• Problem details
Nothing but the lines from the start of the records below through the line that has "Metriorrhynchus variipennis" should appear, each exactly as given.

• Supplied records

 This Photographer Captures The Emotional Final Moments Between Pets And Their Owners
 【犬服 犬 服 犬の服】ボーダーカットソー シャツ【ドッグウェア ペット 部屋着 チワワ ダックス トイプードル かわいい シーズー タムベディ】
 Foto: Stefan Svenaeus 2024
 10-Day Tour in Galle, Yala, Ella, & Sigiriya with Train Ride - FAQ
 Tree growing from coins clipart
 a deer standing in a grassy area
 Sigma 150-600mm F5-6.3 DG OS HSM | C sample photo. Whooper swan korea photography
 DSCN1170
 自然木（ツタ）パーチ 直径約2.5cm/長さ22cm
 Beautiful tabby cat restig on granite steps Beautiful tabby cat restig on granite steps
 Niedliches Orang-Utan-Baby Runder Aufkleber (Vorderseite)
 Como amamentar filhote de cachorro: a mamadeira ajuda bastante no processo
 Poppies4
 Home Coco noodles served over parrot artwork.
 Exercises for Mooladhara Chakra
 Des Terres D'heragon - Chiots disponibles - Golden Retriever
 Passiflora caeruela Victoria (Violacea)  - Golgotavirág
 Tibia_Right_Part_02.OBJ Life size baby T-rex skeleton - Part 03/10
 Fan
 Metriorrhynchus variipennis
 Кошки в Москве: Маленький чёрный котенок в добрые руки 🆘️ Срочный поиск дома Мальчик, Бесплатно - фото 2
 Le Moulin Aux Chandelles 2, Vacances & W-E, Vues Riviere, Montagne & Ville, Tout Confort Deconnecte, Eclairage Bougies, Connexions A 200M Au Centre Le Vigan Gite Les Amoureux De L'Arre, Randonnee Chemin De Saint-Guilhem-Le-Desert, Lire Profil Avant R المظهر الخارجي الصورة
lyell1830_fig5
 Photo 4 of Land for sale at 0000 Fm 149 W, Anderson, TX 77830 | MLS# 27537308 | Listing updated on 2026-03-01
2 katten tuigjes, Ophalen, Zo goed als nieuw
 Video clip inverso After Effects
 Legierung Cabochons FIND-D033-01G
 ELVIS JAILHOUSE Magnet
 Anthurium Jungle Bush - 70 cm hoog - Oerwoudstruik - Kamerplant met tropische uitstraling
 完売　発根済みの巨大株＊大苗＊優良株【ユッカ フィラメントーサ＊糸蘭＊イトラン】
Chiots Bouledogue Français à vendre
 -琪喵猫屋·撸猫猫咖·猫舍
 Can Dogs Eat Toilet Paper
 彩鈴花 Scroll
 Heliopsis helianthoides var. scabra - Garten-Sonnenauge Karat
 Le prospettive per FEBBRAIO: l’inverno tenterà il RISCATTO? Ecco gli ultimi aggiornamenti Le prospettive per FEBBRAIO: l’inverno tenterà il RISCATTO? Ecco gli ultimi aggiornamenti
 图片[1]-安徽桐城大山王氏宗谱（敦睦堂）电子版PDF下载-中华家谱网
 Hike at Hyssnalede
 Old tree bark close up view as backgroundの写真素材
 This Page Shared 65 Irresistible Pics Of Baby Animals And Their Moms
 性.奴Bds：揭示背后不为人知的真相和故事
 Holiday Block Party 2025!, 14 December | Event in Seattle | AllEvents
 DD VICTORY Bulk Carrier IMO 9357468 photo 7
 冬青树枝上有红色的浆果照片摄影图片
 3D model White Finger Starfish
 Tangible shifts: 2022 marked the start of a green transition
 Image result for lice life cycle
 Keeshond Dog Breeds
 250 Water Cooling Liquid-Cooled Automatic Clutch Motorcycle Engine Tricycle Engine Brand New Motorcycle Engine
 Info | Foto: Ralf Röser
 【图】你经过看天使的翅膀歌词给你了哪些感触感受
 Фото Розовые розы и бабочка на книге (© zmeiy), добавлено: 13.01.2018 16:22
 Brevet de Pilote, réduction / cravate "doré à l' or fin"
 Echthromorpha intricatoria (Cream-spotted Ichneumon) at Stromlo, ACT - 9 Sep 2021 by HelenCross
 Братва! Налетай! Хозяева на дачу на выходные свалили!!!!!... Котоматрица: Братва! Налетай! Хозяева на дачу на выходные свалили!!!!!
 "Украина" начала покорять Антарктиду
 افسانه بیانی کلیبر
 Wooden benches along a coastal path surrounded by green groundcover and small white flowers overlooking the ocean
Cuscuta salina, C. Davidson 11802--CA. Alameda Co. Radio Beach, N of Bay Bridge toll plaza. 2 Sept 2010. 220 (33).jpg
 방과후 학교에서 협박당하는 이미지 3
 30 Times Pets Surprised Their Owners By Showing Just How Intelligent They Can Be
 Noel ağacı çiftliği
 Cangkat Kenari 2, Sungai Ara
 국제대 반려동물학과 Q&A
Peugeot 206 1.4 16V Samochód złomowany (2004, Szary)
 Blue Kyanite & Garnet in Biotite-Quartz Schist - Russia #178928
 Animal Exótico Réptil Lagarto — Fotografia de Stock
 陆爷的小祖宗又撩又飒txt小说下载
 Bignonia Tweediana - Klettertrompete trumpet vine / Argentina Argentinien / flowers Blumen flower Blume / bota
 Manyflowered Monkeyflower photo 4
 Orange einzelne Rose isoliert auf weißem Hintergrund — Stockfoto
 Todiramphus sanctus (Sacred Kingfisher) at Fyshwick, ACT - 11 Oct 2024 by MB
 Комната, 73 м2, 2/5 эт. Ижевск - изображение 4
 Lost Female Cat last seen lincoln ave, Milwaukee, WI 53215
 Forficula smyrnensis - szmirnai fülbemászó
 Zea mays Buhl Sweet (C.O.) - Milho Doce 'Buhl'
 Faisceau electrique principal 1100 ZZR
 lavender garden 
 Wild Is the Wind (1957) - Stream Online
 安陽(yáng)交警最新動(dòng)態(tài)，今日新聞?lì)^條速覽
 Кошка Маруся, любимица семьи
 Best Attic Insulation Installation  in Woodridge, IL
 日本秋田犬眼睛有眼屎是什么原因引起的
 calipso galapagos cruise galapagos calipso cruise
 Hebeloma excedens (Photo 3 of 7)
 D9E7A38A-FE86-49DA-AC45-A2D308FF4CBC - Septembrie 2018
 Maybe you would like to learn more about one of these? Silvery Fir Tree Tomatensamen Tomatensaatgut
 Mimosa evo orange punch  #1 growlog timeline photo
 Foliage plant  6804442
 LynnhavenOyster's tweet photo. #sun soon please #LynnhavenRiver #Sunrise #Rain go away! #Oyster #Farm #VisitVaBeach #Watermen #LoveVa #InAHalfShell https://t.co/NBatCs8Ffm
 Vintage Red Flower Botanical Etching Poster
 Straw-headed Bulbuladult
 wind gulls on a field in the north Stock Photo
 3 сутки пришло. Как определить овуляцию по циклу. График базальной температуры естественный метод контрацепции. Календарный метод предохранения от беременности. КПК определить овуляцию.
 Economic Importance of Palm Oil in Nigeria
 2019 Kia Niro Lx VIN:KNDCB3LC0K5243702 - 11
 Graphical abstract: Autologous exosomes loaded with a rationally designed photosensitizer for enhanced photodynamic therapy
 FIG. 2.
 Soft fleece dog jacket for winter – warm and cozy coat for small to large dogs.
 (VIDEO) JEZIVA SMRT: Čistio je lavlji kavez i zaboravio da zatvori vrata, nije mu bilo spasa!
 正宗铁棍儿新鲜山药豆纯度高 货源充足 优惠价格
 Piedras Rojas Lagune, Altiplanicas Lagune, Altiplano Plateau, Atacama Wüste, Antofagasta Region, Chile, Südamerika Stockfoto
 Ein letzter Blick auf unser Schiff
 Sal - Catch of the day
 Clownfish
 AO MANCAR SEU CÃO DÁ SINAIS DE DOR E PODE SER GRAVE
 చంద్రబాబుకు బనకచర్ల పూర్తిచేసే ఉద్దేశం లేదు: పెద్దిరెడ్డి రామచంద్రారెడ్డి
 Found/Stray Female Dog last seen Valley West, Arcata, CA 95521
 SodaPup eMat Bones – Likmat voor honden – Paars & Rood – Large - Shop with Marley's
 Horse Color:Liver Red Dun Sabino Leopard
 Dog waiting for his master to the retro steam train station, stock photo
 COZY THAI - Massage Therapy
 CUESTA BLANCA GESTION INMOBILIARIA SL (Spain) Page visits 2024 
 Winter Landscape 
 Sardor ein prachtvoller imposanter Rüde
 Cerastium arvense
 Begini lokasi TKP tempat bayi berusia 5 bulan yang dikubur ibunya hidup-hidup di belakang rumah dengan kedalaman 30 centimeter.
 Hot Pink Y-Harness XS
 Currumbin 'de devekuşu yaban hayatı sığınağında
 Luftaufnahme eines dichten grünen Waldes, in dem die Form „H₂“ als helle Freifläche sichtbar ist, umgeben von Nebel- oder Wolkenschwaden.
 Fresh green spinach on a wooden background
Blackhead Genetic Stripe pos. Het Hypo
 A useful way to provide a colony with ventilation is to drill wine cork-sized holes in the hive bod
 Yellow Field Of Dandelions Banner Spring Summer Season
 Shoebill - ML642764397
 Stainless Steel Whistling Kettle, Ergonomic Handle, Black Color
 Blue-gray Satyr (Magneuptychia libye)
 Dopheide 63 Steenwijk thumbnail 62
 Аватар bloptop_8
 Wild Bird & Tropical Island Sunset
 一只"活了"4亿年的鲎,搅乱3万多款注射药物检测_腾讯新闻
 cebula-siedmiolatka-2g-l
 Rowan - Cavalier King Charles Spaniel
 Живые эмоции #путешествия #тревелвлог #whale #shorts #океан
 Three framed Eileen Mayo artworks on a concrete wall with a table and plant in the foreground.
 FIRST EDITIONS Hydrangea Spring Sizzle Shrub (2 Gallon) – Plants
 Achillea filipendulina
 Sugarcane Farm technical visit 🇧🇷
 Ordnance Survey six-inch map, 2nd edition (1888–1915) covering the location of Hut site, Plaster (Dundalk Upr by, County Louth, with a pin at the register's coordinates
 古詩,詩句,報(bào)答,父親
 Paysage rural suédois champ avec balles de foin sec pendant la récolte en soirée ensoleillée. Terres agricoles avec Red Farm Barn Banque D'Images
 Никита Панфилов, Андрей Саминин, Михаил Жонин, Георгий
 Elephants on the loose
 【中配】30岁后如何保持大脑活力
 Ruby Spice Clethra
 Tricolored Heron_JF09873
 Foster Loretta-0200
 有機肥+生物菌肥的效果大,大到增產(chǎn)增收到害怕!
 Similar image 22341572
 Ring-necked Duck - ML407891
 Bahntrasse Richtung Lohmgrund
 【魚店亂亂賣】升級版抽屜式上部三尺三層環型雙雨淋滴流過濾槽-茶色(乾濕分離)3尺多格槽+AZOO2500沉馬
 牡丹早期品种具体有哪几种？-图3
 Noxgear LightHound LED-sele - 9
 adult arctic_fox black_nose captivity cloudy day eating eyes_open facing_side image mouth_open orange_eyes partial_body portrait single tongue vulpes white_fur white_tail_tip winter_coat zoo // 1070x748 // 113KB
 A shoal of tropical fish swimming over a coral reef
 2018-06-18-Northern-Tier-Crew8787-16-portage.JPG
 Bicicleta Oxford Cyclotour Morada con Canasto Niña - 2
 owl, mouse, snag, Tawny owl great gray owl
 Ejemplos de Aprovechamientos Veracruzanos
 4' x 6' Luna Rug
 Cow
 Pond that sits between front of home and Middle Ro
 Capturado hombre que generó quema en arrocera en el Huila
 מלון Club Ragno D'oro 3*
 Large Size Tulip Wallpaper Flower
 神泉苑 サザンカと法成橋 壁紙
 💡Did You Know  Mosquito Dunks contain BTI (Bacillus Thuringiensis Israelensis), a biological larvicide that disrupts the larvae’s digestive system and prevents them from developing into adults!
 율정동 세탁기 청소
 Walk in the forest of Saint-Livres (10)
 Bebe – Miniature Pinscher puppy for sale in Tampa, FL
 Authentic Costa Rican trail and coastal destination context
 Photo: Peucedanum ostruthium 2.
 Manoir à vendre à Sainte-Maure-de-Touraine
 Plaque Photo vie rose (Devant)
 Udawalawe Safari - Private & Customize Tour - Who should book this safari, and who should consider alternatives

• Solution for this task
 This Photographer Captures The Emotional Final Moments Between Pets And Their Owners
 【犬服 犬 服 犬の服】ボーダーカットソー シャツ【ドッグウェア ペット 部屋着 チワワ ダックス トイプードル かわいい シーズー タムベディ】
 Foto: Stefan Svenaeus 2024
 10-Day Tour in Galle, Yala, Ella, & Sigiriya with Train Ride - FAQ
 Tree growing from coins clipart
 a deer standing in a grassy area
 Sigma 150-600mm F5-6.3 DG OS HSM | C sample photo. Whooper swan korea photography
 DSCN1170
 自然木（ツタ）パーチ 直径約2.5cm/長さ22cm
 Beautiful tabby cat restig on granite steps Beautiful tabby cat restig on granite steps
 Niedliches Orang-Utan-Baby Runder Aufkleber (Vorderseite)
 Como amamentar filhote de cachorro: a mamadeira ajuda bastante no processo
 Poppies4
 Home Coco noodles served over parrot artwork.
 Exercises for Mooladhara Chakra
 Des Terres D'heragon - Chiots disponibles - Golden Retriever
 Passiflora caeruela Victoria (Violacea)  - Golgotavirág
 Tibia_Right_Part_02.OBJ Life size baby T-rex skeleton - Part 03/10
 Fan
 Metriorrhynchus variipennis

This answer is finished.